Men health. Enemy: sexual disorders.

About sexual malfunction

Emotional factors affecting sex include both interpersonal problems (such as marital/relationship problems, or lack of trust and open communication between partners) and psychological problems within the individual (depression, sexual fears or guilt, past sexual trauma, and so on).

Sexual dysfunction disorders are generally classified into four categories: sexual desire disorders, sexual arousal disorders, orgasm disorders, and sexual pain disorders.

Sexual arousal disorders were previously known as frigidity in women and impotence in men, though these have now been replaced with less judgmental terms. Impotence is now known as erectile dysfunction, and frigidity has been replaced with a number of terms describing specific problems with, for example, desire or arousal.

Sexual pain disorders affect women almost exclusively and are known as dyspareunia (painful intercourse) and vaginismus (an involuntary spasm of the muscles of the vaginal wall that interferes with intercourse). Dyspareunia may be caused by insufficient lubrication (vaginal dryness) in women.

Sexual dysfunctions are more common in the early adult years, with the majority of people seeking care for such conditions during their late twenties through thirties. The incidence increases again in the geriatric population, typically with gradual onset of symptoms that are associated most commonly with medical causes of sexual dysfunction.




The problem of maintaining an erection

The creation of an erection is an extremely complicated cascade of events that requires many different things to happen. There are numerous chemical transmitters involved in this including epinephrine, norepinephrine, acetylcholine, prostaglandins and nitric oxide. The exact mechanism by which erection occurs is still unclear but we do know that the neural input from the brain is extremely important. Reflex erections, as seen in people with cord damage such as paraplegics, are often poor erections and not sustainable for prolonged periods of intercourse.
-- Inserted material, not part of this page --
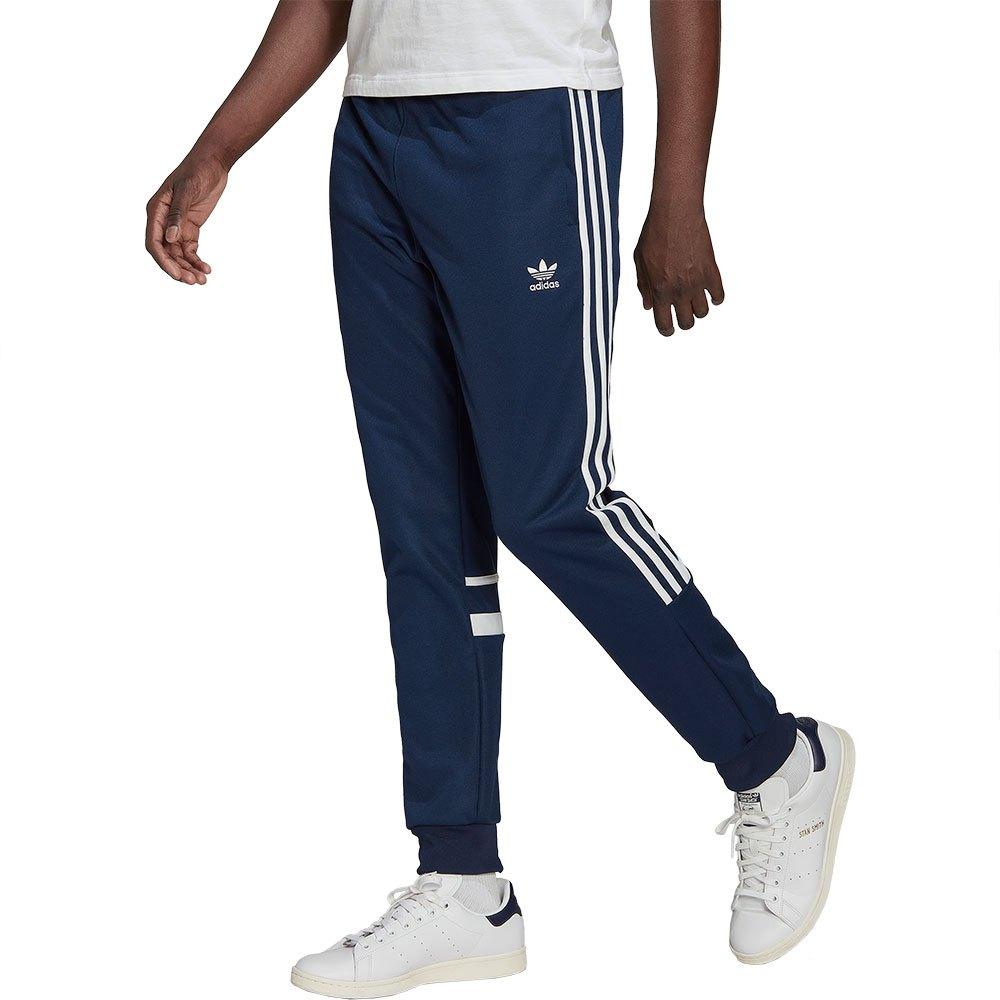 adidas Originals Adicolor Classics Cutline Pants in Blue for Men | Lyst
Erections can change over time, sometimes stronger or weaker than other times. When men are in their teens they often have little control over their erections and obtain erections when not in a sexual situation. For most men this stops in their late teens to early twenties. As men get older, erections may not always be obtained when they want one. Almost every man has the occasional time when their erection is less strong than they would like but sometimes it becomes a problem.

In order to increase the size of an erection, there must be an increase in blood flow and, at the same time, the blood has to be prevented from leaving the penis.

Abnormal levels of certain hormones, such as testosterone, thyroid hormone and a pituitary hormone known as prolactin, can interfere with erections and sex drive (libido). This is an uncommon cause of erectile dysfunction.

A man with erectile dysfunction has either a problem getting an erection or difficulty maintaining one. This usually interferes with sexual activity by preventing penetration during intercourse.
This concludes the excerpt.